You might find it useful to use the Unit Circle GSP sketch while reflecting on this discussion in 1-4.
- What is a degree?
- An arc length that is 1/360 of a circle's circumference
- Look at a unit circle. What, approximately is the length of sin(40°), in degrees?
- sin(40°) is approximately 0.64, which is 64% of one radius, so sin(40°) is 0.64 radians. One radian is 360/(2π) degrees, so 0.64 radians is approximately 36°.
- What, then, is cos(sin(40°)?
- It is cos(36°), which is approximately 0.80.
- Set your calculator into "degree" mode.

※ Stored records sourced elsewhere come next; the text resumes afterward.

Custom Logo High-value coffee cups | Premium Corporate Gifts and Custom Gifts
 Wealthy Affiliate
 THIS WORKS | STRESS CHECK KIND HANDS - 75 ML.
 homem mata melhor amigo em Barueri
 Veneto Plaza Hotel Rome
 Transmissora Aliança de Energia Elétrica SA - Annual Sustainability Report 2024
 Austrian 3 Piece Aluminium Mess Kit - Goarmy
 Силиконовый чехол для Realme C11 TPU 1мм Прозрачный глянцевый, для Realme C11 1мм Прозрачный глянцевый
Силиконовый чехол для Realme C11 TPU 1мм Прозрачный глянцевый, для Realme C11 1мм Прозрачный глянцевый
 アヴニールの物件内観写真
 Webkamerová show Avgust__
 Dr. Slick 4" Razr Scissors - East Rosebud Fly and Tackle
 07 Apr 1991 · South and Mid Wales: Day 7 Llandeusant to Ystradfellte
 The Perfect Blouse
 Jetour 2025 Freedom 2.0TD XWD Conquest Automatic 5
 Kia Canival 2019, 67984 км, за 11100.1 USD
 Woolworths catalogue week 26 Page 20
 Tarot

On your calculator:
- Calculate sin(40°). [0.642788]
- What does 0.642788 stand for? [A percent of one radius]
- Calculate cos(0.642788). [i.e., cos(sin(40°)].
- You get 0.9999. Why? [Because the calculator, being in degree mode, assumed that 0.642788 was a number of degrees, when in fact it was a number of radians.]
- Now calculate cos(sin(40°)). What do you get? You get 0.80. Why? Because calculator manufacturers program their calculators so that when you enter a trig function that has a function as its argument, the calculator automatically interprets the argument's output as a number of radians.
We are accustomed to thinking that if a function is linear, then it has a line as its graph, and that if a function has a line as its graph, then it is linear. In this discussion, we raise the issue of what is "linearness" that makes a function a linear function.
- In what ways are f(x) = 5 - 2x and f(θ) = 5 - 2θ both linear? Do they both have lines as their graphs?
- Is the graph of r = 2 a line? Why or why not?
- Is the graph of r = 1/sin(θ) a line? Is it a line in polar coordinates? Is it a line in rectangular coordinates? Why or why not?
- Is the graph of θ = 3 a line? Why or why not?
- What is the central issue being raised here?
- What is the property of a graph, independent of the coordinate system, that makes it a "line" within that system?